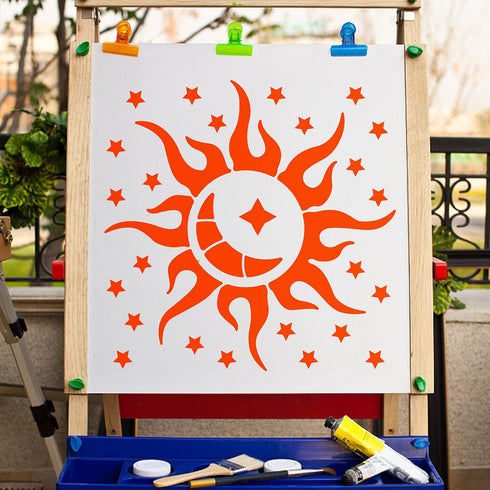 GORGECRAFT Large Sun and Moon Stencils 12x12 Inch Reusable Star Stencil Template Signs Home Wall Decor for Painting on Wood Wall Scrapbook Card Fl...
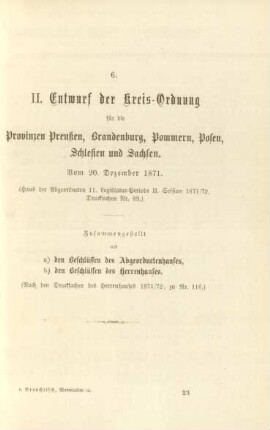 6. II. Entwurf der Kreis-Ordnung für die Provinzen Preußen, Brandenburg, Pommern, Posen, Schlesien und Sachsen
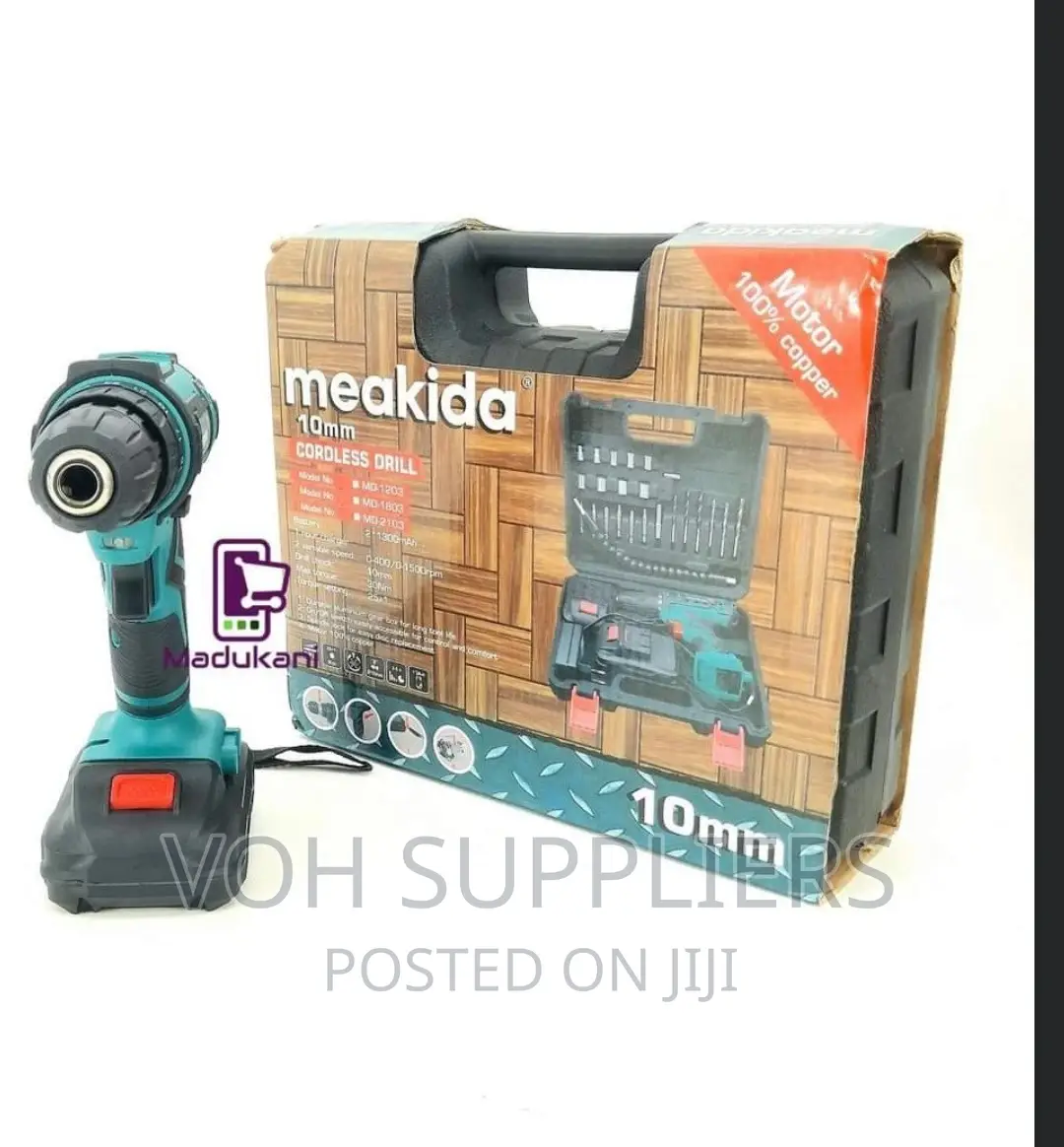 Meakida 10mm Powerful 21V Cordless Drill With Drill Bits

────────────────

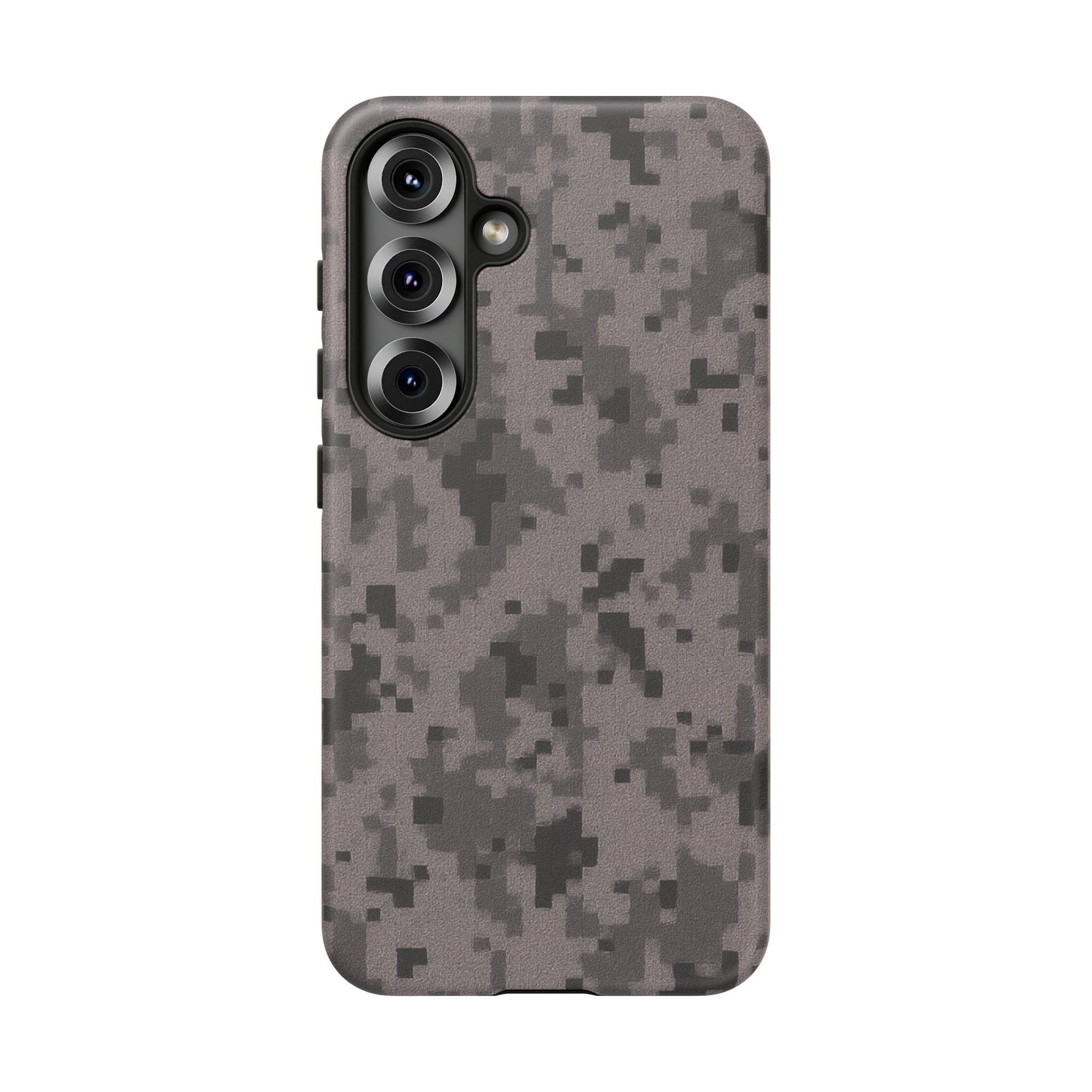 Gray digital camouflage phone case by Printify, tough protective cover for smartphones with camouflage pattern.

────────────────

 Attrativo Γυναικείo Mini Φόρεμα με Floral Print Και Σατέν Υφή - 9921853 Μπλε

────────────────

• [Action item] Exact repeat of the material above: every line from the one with "6. II. Entwurf" through the one with "Meakida 10mm Powerful", endpoints included, and nothing more. No pictures.

• [Response to the exercise]
 6. II. Entwurf der Kreis-Ordnung für die Provinzen Preußen, Brandenburg, Pommern, Posen, Schlesien und Sachsen
 Meakida 10mm Powerful 21V Cordless Drill With Drill Bits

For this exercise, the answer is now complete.